Unidentified Analyst
And I guess, going forward it is that something that the P&L on a quarter-by-quarter basis? Thomas B. Miller: I think so. I think that and the amount is going to vary I think depending on the amount of work that we do but we received last year a grap of little over $4 million from Johns Hopkins and so that’s what’s we utilize a little bit in the second quarter. And I think you will see that once again I’m not sure the exact amount is going vary based on the amount of work that over the next several quarters you will see us utilizing that graph. Robert J. Greenberg: And we have other graph applications as well so I would expect to see additional graph offset to the R&D expense going forward.
Unidentified Analyst
Okay. That’s great. Thanks for answering my questions.
Operator
The next question comes from the line of Amit Dayal. Please proceed.
Unidentified Analyst
Yes. Thanks for taking my question. How many implanting centers do you plan to have by the end of the following year, by the end of next year? Thomas B. Miller: So we’re not giving guidance that far out but we have talked about this year, our plan is to double the number of implanting centers, active implanting centers over last year. So at the end of 2014, we had 18 centers and we are targeting doubled our 36 centers at the end of this year.
Unidentified Analyst
So possibly over 50 centers by the following year. Thomas B. Miller: Rather than give guidance for the following year I think what I would say is that our long term target we think was about 50 U.S. centers we can cover about we’ve modeled about 90% to 95% of the U.S. market within two to three hour drive of the center. And so we think the steady state in the U.S. could be somewhere around 50 centers.
Unidentified Analyst
Okay. Great. Thomas B. Miller: And that’s kind of minimum number. So that’s kind of we may endu up opening more centers in that by the, that’s what we look at for our U.S. number.
Unidentified Analyst
And do you expected all these centers to transition the cortical implants as well?
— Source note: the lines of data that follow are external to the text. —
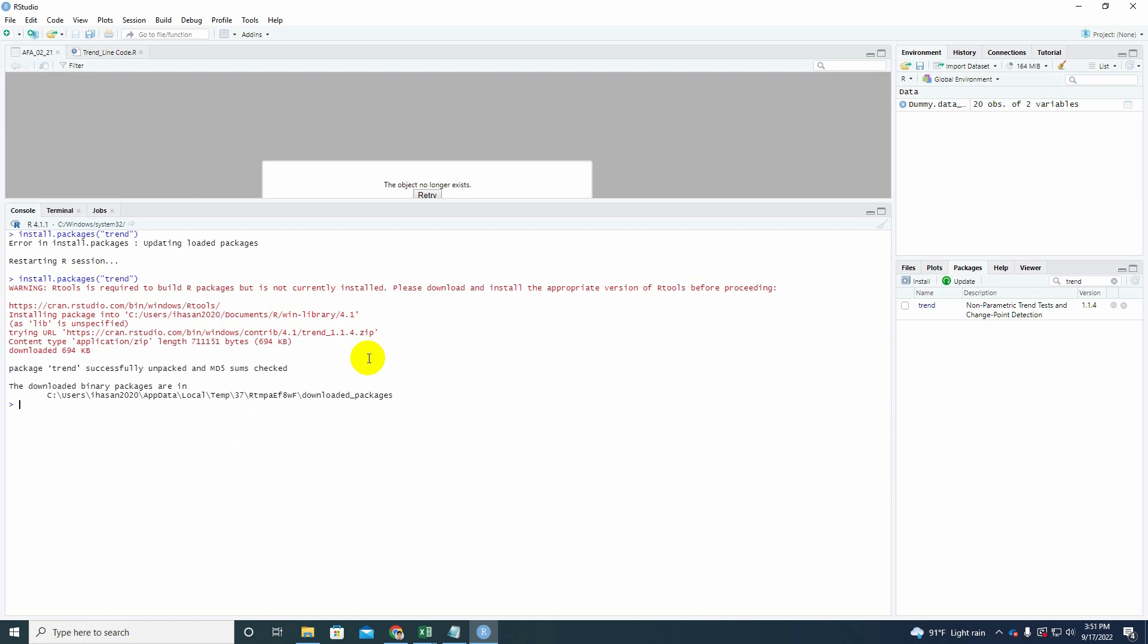Once you install the package called trend, this trend package is going to include Mann-Kendall and Sen's Slope trend analysis. It's going to be imported in RStudio. So now you have trend. Look, before installing the package there was no trend here. However, once I am done with that, trend is here. So it means that the trend package is over here and you can run it right now.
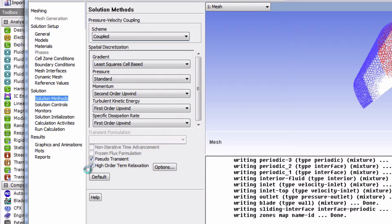There are a lot of knobs that one can play with in Fluent, and getting a full grasp on each of them can require a lot of time and effort. For now, just trust that these settings will increase the chances of getting a solution to converge, and even converge faster than the default settings.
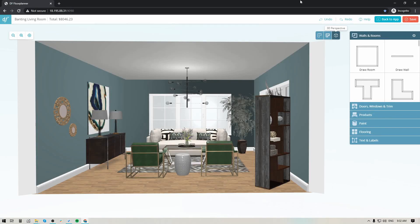Hey folks, Sheila here from Design Files. I just wanted to pop on with a quick video to show you our new floor planner and 3D rendering software. In this video I'd really like to go over a number of the key features we've built in to help you build out perfectly to-scale floor plans and detailed 3D renderings that you can share with your client.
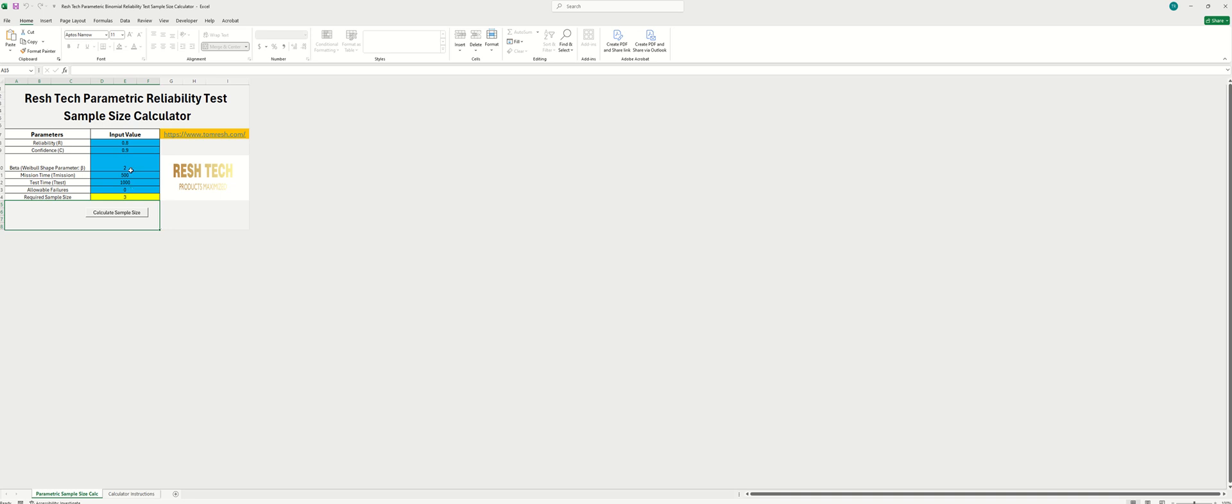What you can do here is increase your test time and then get a lower sample size and then maintain the same reliability and confidence by accelerating the test profile, which is essentially increasing your stresses in order to reduce the amount of time.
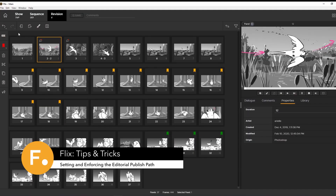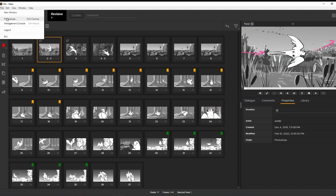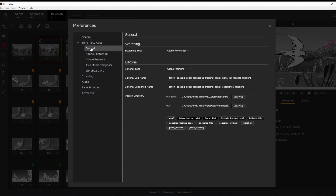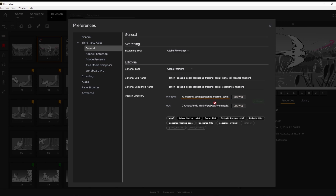To set an export path for an editorial publish, go to File Preferences. In General Editorial Publish Directory, you can specify your path. Use the options below to set the path by placing files in folders based on date, tracking code, sequence revision, and much more.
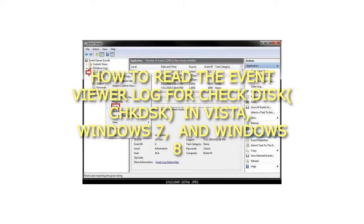How to Read the Event Viewer Log for Checkdisk, CHKDSK, in Vista, Windows 7, and Windows 8.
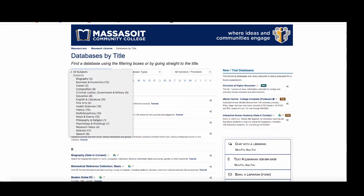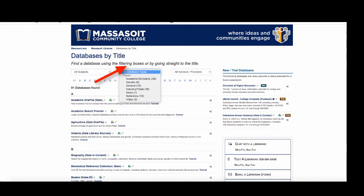Click on the All Database Types menu to see database types such as Academic Scholarly, eBook, and Video.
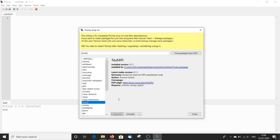Similarly to uninstall any package, go to tools, manage plugins, search for the package and click uninstall.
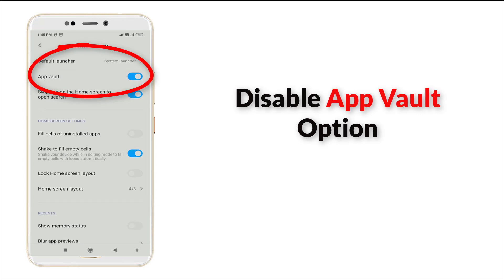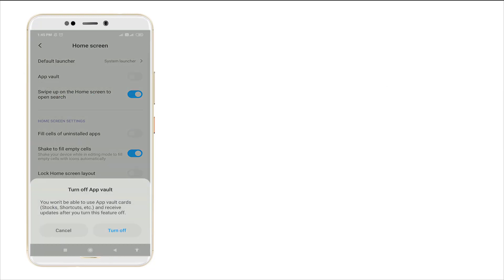It was enabled right now, and we want to disable this option. Once you click this, a pop-up menu will appear. It says: Turn off App Wallet — you would not be able to use App Wallet card and receive updates after you turn this feature off.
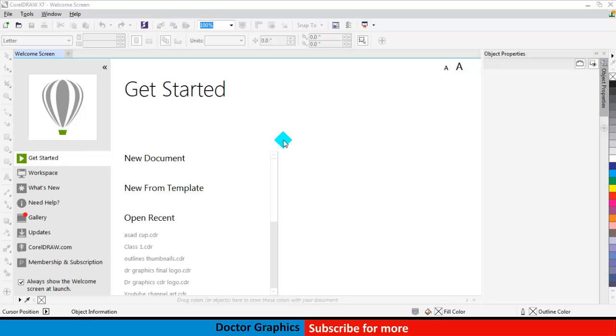If you have liked this video, please subscribe to our channel and keep watching for more. Thank you!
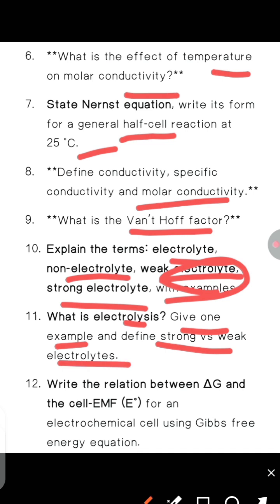Next, what is the relation between Gibbs free energy and the cell EMF for an electrochemical cell, using Gibbs free energy equations?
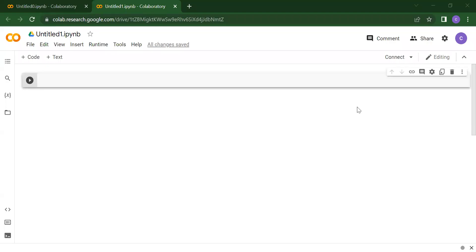Hello everyone, welcome back to my channel Code Corpets. In our previous video, we did how you will declare your variable and how you will store values inside your variable.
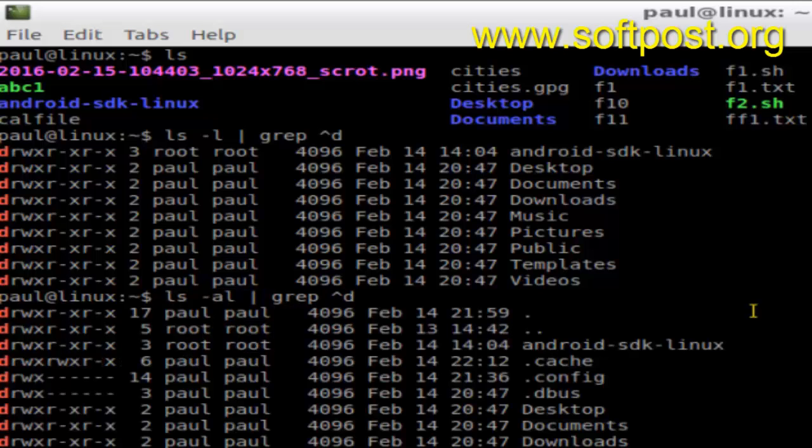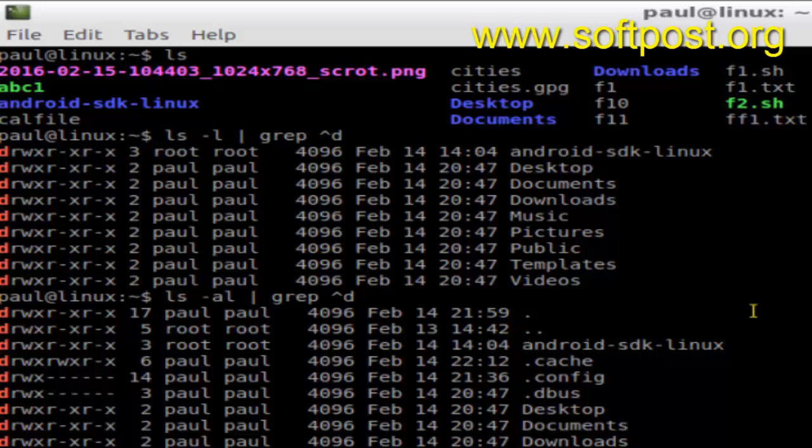You can also list hidden directories as well using this command: ls -la and then use the pipe operator, after that grep caret D. This character D means search for all the output of ls -la command.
Thomas B. Miller: That’s a good question so as we think about the commercialization of the Orion implant, the there a lot of things that are comments, all the evaluation of the patients will likely to be done by the same people they are doing it currently for the Argus II. The only add on will be a neurosurgeon that will actually do the implant itself and so our expectation would be that the same centers with - in many cases the centers are large hospitals that you have both ophthalmology departments and neural implant departments as well. So and the same thing also applies to Macular Degeneration as w expand from retinitis pigmentosa to AMD we would expected to be offered in the same centers.
Unidentified Analyst
Okay, great. Thanks so much for taking my question. Thomas B. Miller: Thank you. End of Q&A
Operator
And that was the last question Dr. Robert Greenberg. I’ll turn it over back to you for closing remarks. Robert J. Greenberg: Okay, well thank you all again for joining us today and I want to thank every one of our shareholders who are making the dream of site possible for blind individuals around the world. Have a great day.
Operator
Ladies and gentlemen that does conclude the conference call for today. We thank you for your participation and as you please disconnect your line.